Just half an hour before journalist Daphne Caruana Galizia was assassinated by a bomb strapped to her Pugeot in Malta, she was hard at work. Best known for her work on the Panama Papers, Galizia had posted to her blog about an unfolding court case that was one of many trailing threads investigative journalists have been following since the infamous cache of documents dropped. One of those investigative journalists was Galizia’s own son, Matthew Capuana Galizia, who was on the scene just moments after the explosion that killed his mother. Now he has strong words for the Maltese government and others he views as complicit in Galizia’s murder:
“My mother was assassinated because she stood between the rule of law and those who sought to violate it, like many strong journalists. This is what happens when the institutions of the state are incapacitated: the last person left standing is often a journalist. Which makes her the first person left dead.”

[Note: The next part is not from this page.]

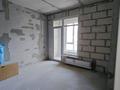 2-бөлмелі пәтер · 57.8 м² · 10/16 қабат, Розыбакиева, бағасы: 71 млн ₸ в Алматы, Бостандыкский р-н — фото 3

The younger Galizia described the horrific moments after the bomb went off, trying desperately to get into the car even as it burned and he realized he was surrounded by his “mother’s body parts all around me.” Two policemen arrived on the scene with a single fire extinguisher.
Meanwhile the deceased Galizia’s last blog post was live, covering the courtroom testimony of opposition leader Simon Busuttil in a case involving corruption, libel, a “shady bank,” and the Maltese Prime Minister’s Chief of Staff, who Galicia called “that crook Keith Schemer.” “There are crooks everywhere you look now,” she wrote. “The situation is desperate.”
In addition to a Maltese investigation into the assassination, Dutch forensic experts and members of the U.S. FBI are on their way to assist. Given the line of inquiry that Galizia was pursuing before she was killed, and her son’s assertion that a “long list of police commissioners” are among those who share responsibility for Galicia’s death, it’s a sound plan.
As opposition leader Adrian Delia put it, “We will not accept an investigation by the commissioner of police, army commander or duty magistrate, all of whom were at the heart of criticism by Capuana Galizia. What happened today is not an ordinary killing. It is a consequence of the total collapse of the rule of law which has been going on for the past four years.”